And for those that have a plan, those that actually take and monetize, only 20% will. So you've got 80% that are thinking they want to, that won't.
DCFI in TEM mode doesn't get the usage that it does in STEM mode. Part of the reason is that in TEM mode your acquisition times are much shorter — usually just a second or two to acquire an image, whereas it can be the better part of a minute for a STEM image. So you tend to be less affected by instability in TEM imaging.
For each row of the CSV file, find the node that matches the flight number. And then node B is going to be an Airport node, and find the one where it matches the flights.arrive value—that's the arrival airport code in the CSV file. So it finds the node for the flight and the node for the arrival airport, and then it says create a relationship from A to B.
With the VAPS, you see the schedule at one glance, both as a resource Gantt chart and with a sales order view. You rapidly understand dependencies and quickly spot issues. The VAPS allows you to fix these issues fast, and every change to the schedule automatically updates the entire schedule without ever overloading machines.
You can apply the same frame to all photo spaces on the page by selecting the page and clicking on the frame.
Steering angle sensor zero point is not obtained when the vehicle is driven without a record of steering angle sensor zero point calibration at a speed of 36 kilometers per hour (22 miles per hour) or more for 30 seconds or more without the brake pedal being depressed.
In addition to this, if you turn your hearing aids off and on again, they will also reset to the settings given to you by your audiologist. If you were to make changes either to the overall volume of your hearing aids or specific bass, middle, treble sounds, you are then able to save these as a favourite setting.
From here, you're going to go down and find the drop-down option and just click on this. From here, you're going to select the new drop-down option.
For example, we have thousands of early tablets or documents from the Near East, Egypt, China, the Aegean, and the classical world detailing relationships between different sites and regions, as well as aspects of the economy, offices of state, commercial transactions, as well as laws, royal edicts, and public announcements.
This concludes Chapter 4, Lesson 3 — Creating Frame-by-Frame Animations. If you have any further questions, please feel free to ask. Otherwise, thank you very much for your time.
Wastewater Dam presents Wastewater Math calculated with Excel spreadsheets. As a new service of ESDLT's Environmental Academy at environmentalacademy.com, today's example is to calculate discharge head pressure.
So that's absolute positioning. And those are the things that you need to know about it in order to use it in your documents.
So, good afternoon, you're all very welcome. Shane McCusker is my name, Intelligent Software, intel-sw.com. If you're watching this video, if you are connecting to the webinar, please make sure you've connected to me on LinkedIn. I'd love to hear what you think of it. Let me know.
::::::::
### [Problem statement]
A line counts if it contains the string "know"; report how many lines in the material do, giving only the number.

### [Result of this exercise]
2